- **Assigned task**
Down to the last line of the listing, starting at the one with "Papst Leo XIV.", retype each line exactly. Do not copy the pictures.

- **Information shown**
============================================================

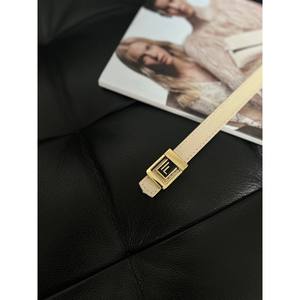 Ceinture fine en métal avec logo F pour femme - Product Image 1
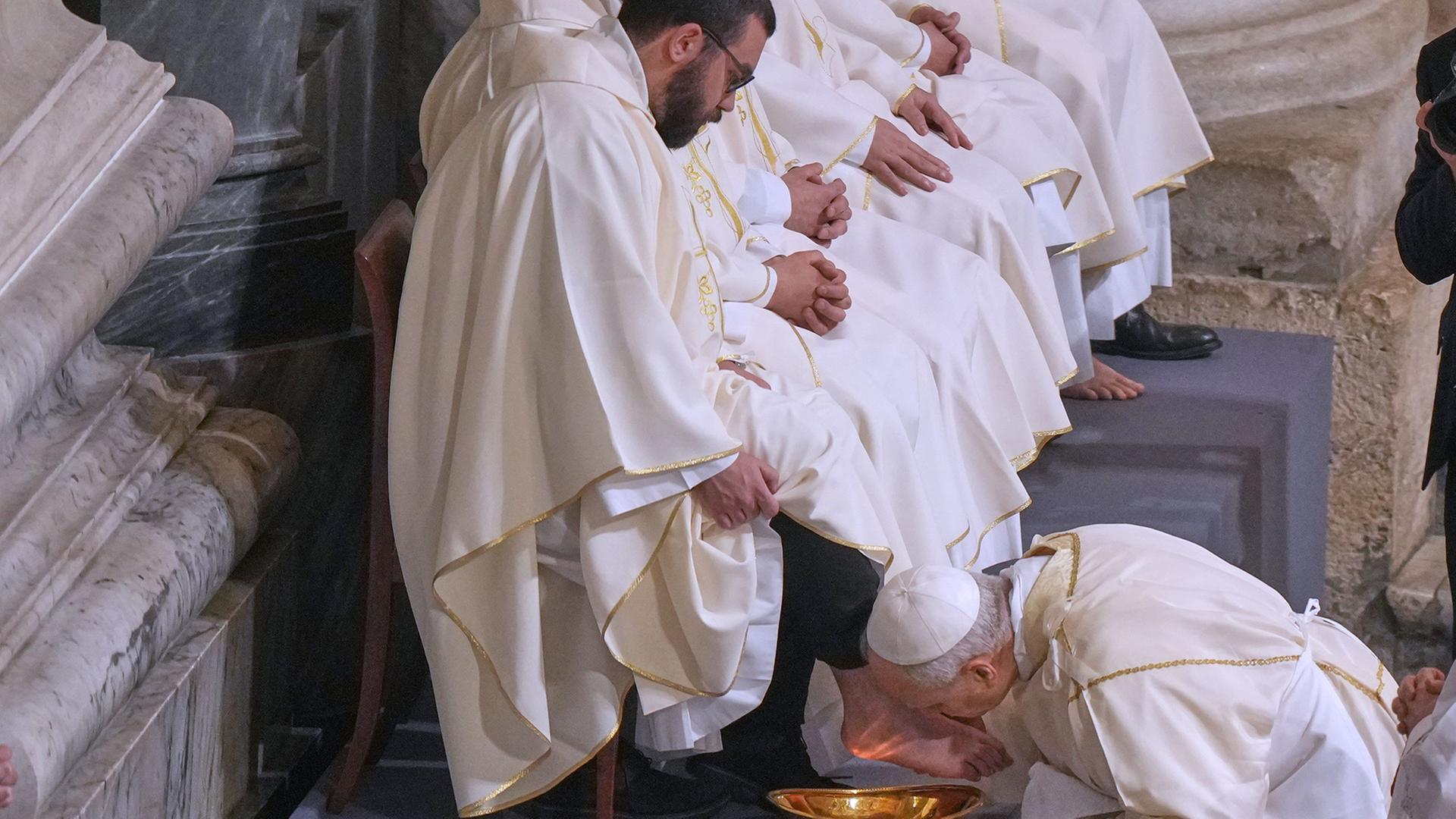 Papst Leo XIV. wÃ¤scht und kÃ¼sst die FÃ¼Ãe von 12 rÃ¶mischen Priestern. | Andrew Medichini/AP/dpa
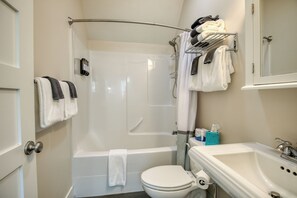 Sèche-cheveux, serviettes fournies, savon, shampoing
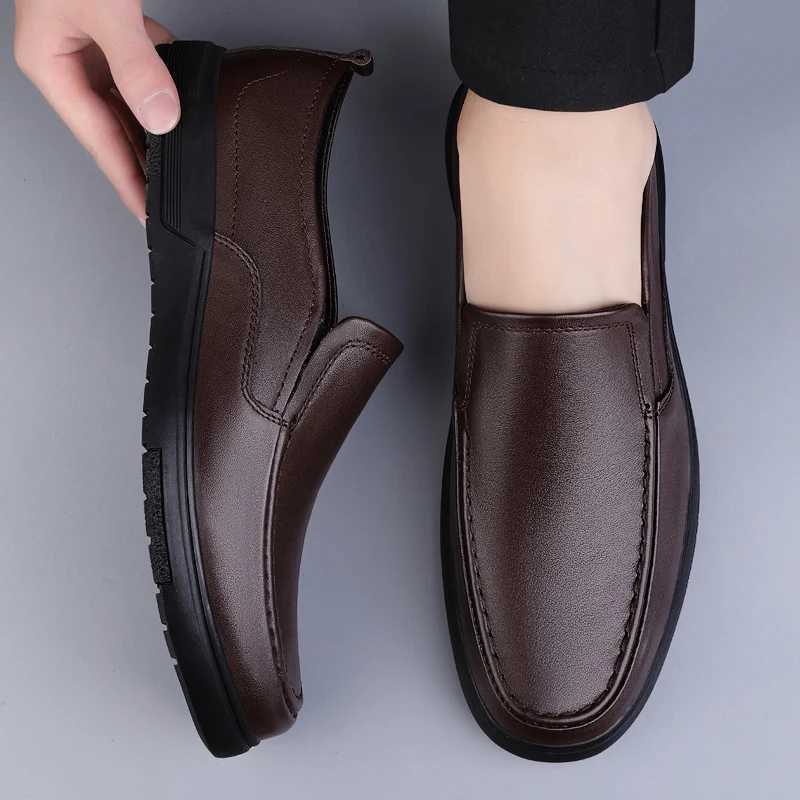 Genuine Leather Men Loafers Handmade Mens Casual Shoes Business Dress Flats Breathable Luxury Brand Man Driving ShoesXJ250118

============================================================

- **Your solution**
 Papst Leo XIV. wÃ¤scht und kÃ¼sst die FÃ¼Ãe von 12 rÃ¶mischen Priestern. | Andrew Medichini/AP/dpa
 Sèche-cheveux, serviettes fournies, savon, shampoing
 Genuine Leather Men Loafers Handmade Mens Casual Shoes Business Dress Flats Breathable Luxury Brand Man Driving ShoesXJ250118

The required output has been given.